# what can i put in a 10 gallon with an african clawed frog



## plecosrawesome (Mar 1, 2011)

so for a bout a month my full grown african clawed frog has been in his small 5 gallon all by himself and i used to have him in a 10 till i had to move my pictus catfish in it..but this weekend i was hopeing to go to my local flea market and buying a 10 or 20 gallon since they will sell for 5-10 bucksfor my frog but i wanted something to go in the tank with him..he loves company and i would get a 20 gallon and get another clawed frog but i cant find them anywhere.. any suggestions on what i could keep with him?

P.S. he already ate a big crayfish that was in my tank he attacks and will eat anythinbg he can get a hold of


----------



## jrman83 (Jul 9, 2010)

plecosrawesome said:


> P.S. he already ate a big crayfish that was in my tank he attacks and will eat anythinbg he can get a hold of


I would say that this seriously limits your choices to maybe another frog and that is it. I didn't think they were that way.


----------



## plecosrawesome (Mar 1, 2011)

hes crazy the only thing he was cool with was a pleco everything else he tries eating i guess i'll try to get another frog but i cant find any in any of my LFS


----------



## holly12 (Apr 21, 2011)

Yeah, if he's eating fish, I would only put him in with another African Clawed. Maybe your LFS can order you one in. (I go to Big Als and they say they can order stuff in when you ask them).

He needs to be in a 10g minimum. 5g is way too small for him. If you do get a second frog, they will need to be in a 20g minimum, (larger is always better). Long tanks seem to be better for these frogs.


----------



## Scuff (Aug 10, 2010)

There's precious little you can safely put in with an African Clawed Frog. They get large (8-9" in length is not unheard of) and have voracious appetites; they'll eat anything they can fit in their mouths, and you'd be surprised what they can shovel in there.
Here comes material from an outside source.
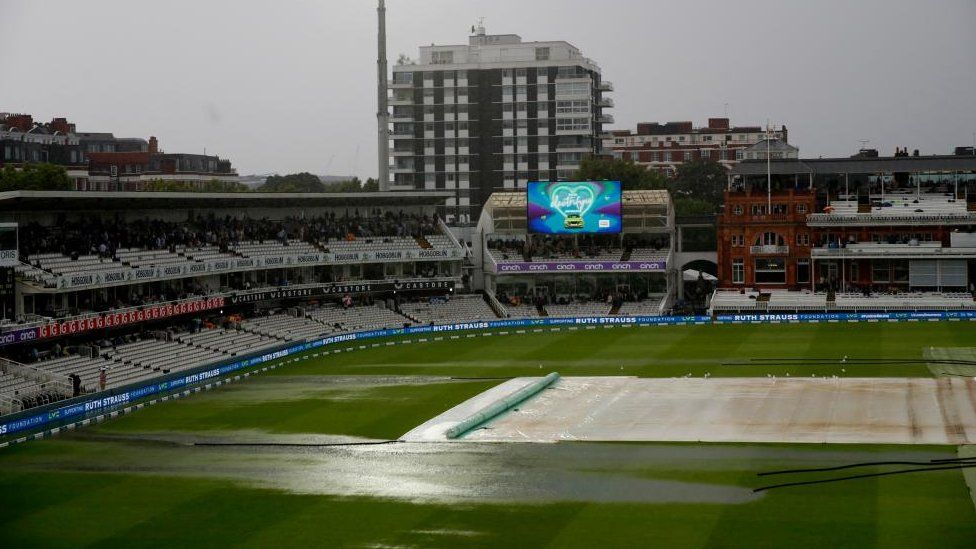 General view of water on the field as rain delays play between England and South Africa at Lord's Cricket Ground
I'd recommend keeping just him in that aquarium, and setting up another aquarium if you want to keep anything else.


----------



## snail (Aug 6, 2010)

Some people recommend large snails. Even if you got another frog you'd want to make sure it wasn't too much smaller or he might eat it. You could try advertising that you want another frog or asking around in fish stores if they have had any returns. People get them by mistake, thinking they are dwarfs and only realize what they have when they get big and eat all the fish in the tank so there might be some one glad to get rid of one.


----------



## plecosrawesome (Mar 1, 2011)

so if i look at where they keep dwarf frogs there could be baby lawed's in there...awesome, is there any physical sign between a dwarf frog and an african lawed frog?


----------



## snail (Aug 6, 2010)

This might help:
Clawed Frogs and Dwarf Frogs


----------



## plecosrawesome (Mar 1, 2011)

ok cool im gonna go to petsmart and look for a clawed frog in with dwarfs...awesome there so cheap like $3


----------



## snail (Aug 6, 2010)

just remember a baby one is likely to get eaten by a full grown one.


----------



## plecosrawesome (Mar 1, 2011)

yes, he will be in the 5 till i think he wont get eaten


----------



## mike 1980 (Apr 9, 2011)

plecosrawesome said:


> so if i look at where they keep dwarf frogs there could be baby lawed's in there...awesome, is there any physical sign between a dwarf frog and an african lawed frog?




ADF's have webbed front and rear claws. Clawed frogs only have webbing in the back. That's the easiest way I've found, but there are also other ways.


----------